16. Section 139 of the Act prior to 1989-90 and after, placed a statutory mandate on every person to file an income tax return in the prescribed form and in the prescribed manner. The Direct Tax Laws (Amendment) Act, 1987 with effect from 01.04.1989 made various amendments to the Income Tax Act, by which the assessing officer has no power to extend the time for filing a return of income underSection 139(1) and to extend the time for filing under Section 139(3), a return of loss intended to be carried forward. The time prescribed for filing a belated return under Section 139(4) or a revised return under Section 139(5) was reduced to one year from the end of the relevant assessment year. The provision of Section 139(2) stood incorporated in Section 142(1)(i). The notice under Section 142(1)(i)to furnish a return of income cannot be issued in the course of the assessment year itself and need not give the person concerned a minimum period of 30 days for furnishing the return. When a return is furnished pursuant to a notice under Section 142(1)(i), the assessment may be made under Section 143without recourse to Section 147. Further, with the deletion of Section 271(1)(a), a penalty for failure to furnish in due time a return of income under Section 139(1), is abolished. Levy of punitive interest under Section 234A made mandatory and the discretion of the assessing officer to reduce or waive the interest was taken away. Non-compliance with a notice under Section 142(1)(i) may attract prosecution under Section 276CC.

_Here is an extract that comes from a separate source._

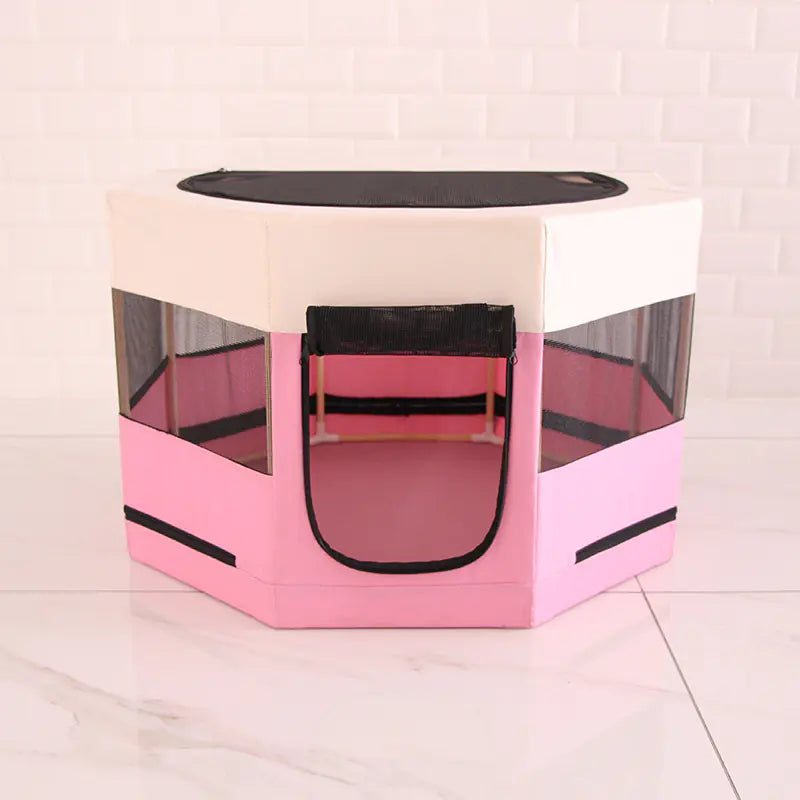 Octagonal Solid Wood Cat Kennel with Waterproof Cloth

17. The Income Tax Act, therefore, had stipulated both the penalty under Section 271(1)(a) and prosecution under Section 276CC, the former for depriving taxes due to the exchequer and later for the offence/infraction committed. As already indicated by the Taxation Laws (Amendment) Act, 1989, penalty provision under Section 271(1)(a) had been deleted w.e.f. 01.04.1989 and a provision for levy of mandatory/compulsory interest under Section 234A of the Act was introduced. But, legislature has never waived or relaxed its prosecuting provisions under Section 276CC of the Act for the infraction or non-furnishing of return of income.
18. Section 139 of the Act, as it stood at the relevant time, reads as under:
“139. (1) Every person, if his total income or the total income of any other person in respect of which he is assessable under this Act during the previous year exceeded the maximum amount which is not chargeable to income-tax, shall, on or before the due date, furnish a return of his income or the income of such other person during the previous year, in the prescribed form and verified in the prescribed manner and setting forth such other particulars as may be prescribed.

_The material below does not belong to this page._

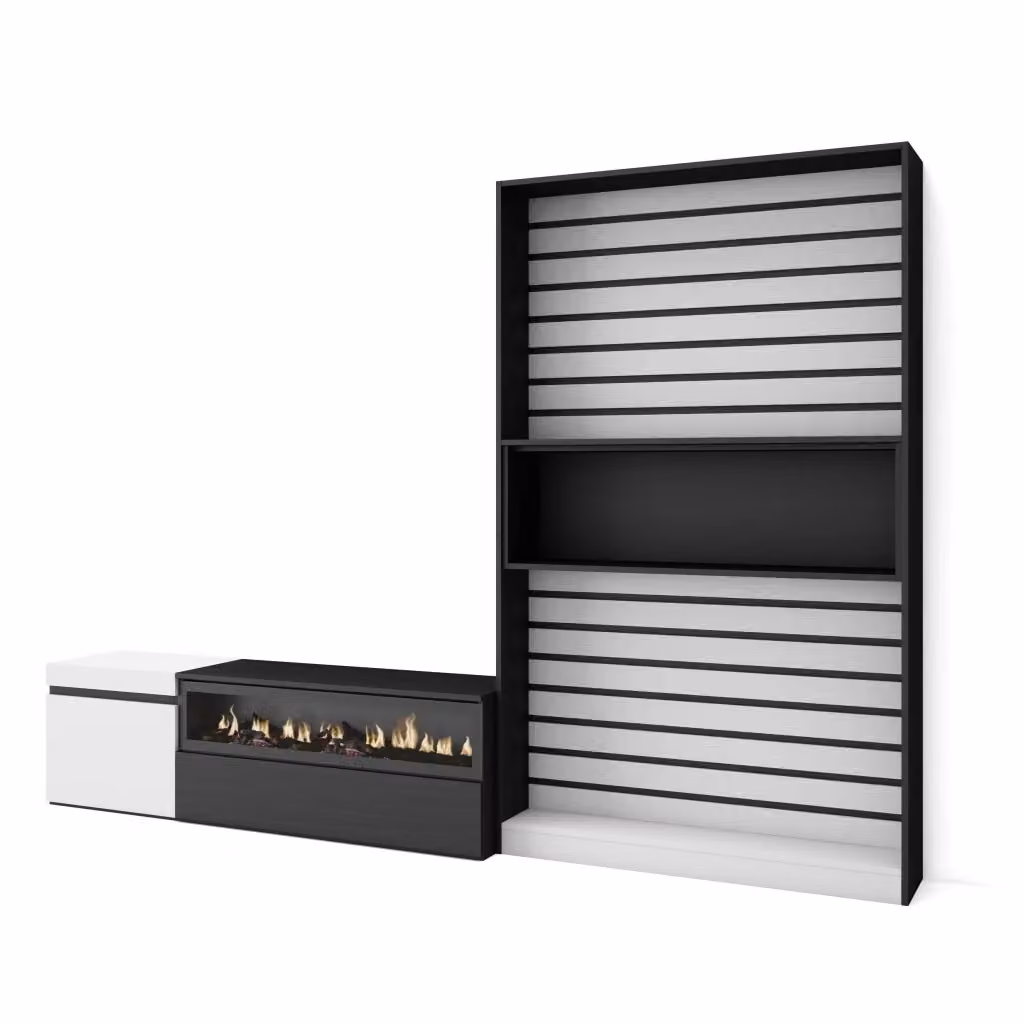 Mobile TV da soggiorno SKRAUT HOME con camino elettrico, per TV fino a 65 pollici, Bianco e nero, L: 260 cm, P: 35 cm, H: 186 cm – 2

Explanation: In this sub-section, “due date” means-
(a) where the assessee is a company, the 30th day of November of the assessment year;
(b) where the assessee is a person, other than a company.-
(i) in a case where the accounts of the assessee are required under this Act or nay other law to be audited, or where the report of any accountant is required to be furnished undersection 80HHC or Section 80HHD or in the case of a co-operative society, the 31st day of October of the assessment year:
(ii) in a case where the total income referred to in this sub- section includes any income from business or profession, not being a case falling under sub-clause (i), the 31st day of August of the assessment year :
(iii) in any other case, the 30th day of June of the assessment year.
(3) If any person who has sustained a loss in any previous year under the head “Profits and gains of business or profession” or under the head “Capital gains” and claims that the loss or any part thereof should be carried forward under sub-section (1) of section 72, or sub-section (2) of section 73, or sub-section (1) or sub-section (3) of section 74, or sub-section (3) of section 74A, he may furnish, within the time allowed under sub-section (1), a return of loss in the prescribed form and verified in the prescribed manner and containing such other particulars as may be prescribed, and all the provisions of this Act shall apply as if it were a return under sub-section (1).

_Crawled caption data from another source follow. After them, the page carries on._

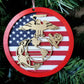 USMC Round shape wood Christmas Ornament with EGA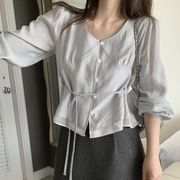 薄手 日焼け対策 フリルリボン シフォンブラウス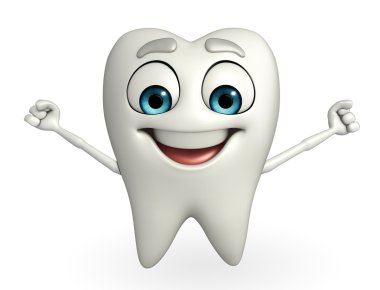 Teeth character is running clipart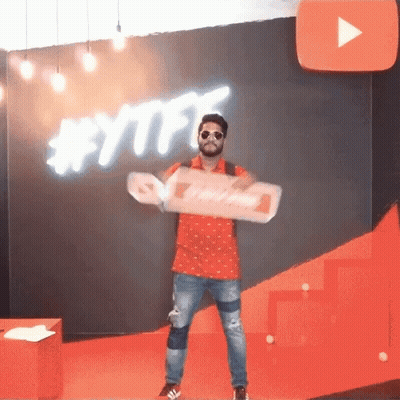 Man In Red Shirt Holding Coca Cola Bottle YouTube Logo GIF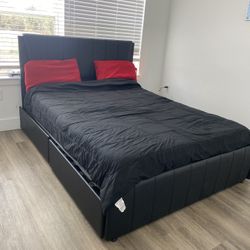 Full Sized Black LED Light Up Bed With Drawers & 10” Plush Memory Foam Mattress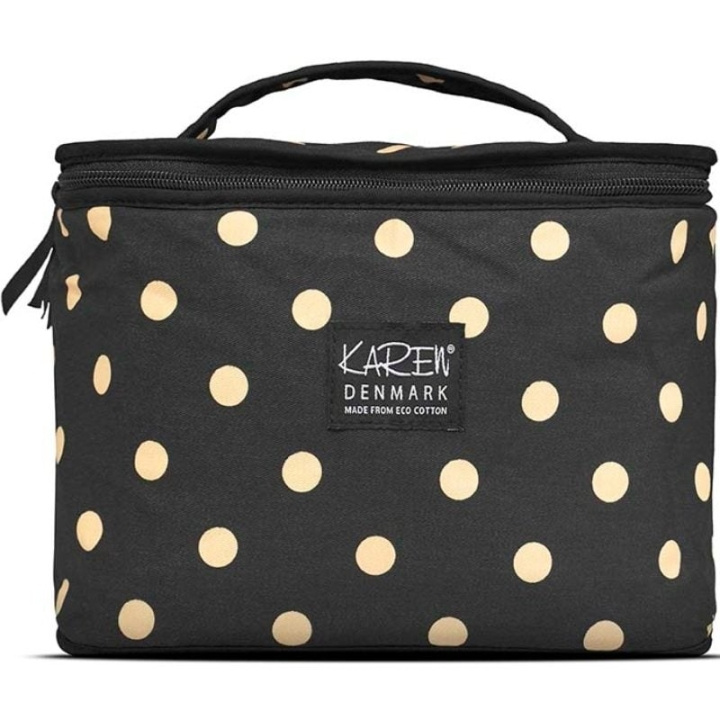 Karen Denmark - Beauty Box ECO Cotton - Black With Beige Dots in the group HOME, HOUSEHOLD & GARDEN / Bathroom / Toilet bags at TP E-commerce Nordic AB (D16835)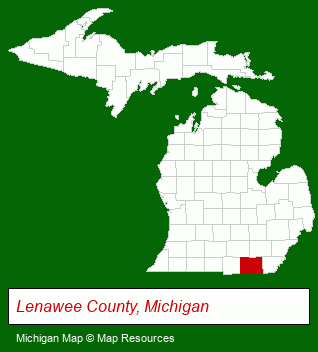 Michigan map, showing the general location of Lenawee County Association of Realtor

(4) Any person who has not furnished a return within the time allowed to him under sub-section (1), or within the time allowed under a notice issued under sub-section (1) of section 142, may furnish the return for any previous year at any time before the expiry of one year from the end of the relevant assessment year or before the completion of the assessment, whichever is earlier:
19. A plain reading of the above provisions indicates that it is mandatory on the part of the assessee to file the return before the due date. Explanation (a) to the said section defines the term “due date”, which is 30th November of the assessment year. The consequence of non-filing of return on time has also been stipulated in the Act.
Further a reference to Sections 142 and 148 is also necessary to properly understand the scope of Section 276CC. Relevant portion of Section 142, as it stood at the relevant time, is quoted below:
“142. Inquiry before assessment.- (1) For the purpose of making an assessment under this Act, the Assessing Officer may serve on any person who has made a return under section 139 or in whose case the time allowed under sub- section (1) of that section for furnishing the return has expired] a notice requiring him, on a date to be therein specified,-
(i) where such person has not made a return within the time allowed under sub-section (1) of section 139, to furnish a return of his income or the income of any other person in respect of which he is assessable under this Act, in the prescribed form and verified in the prescribed manner and setting forth such other particulars as may be prescribed, or xxx xxx xxx xxx xxx xxx”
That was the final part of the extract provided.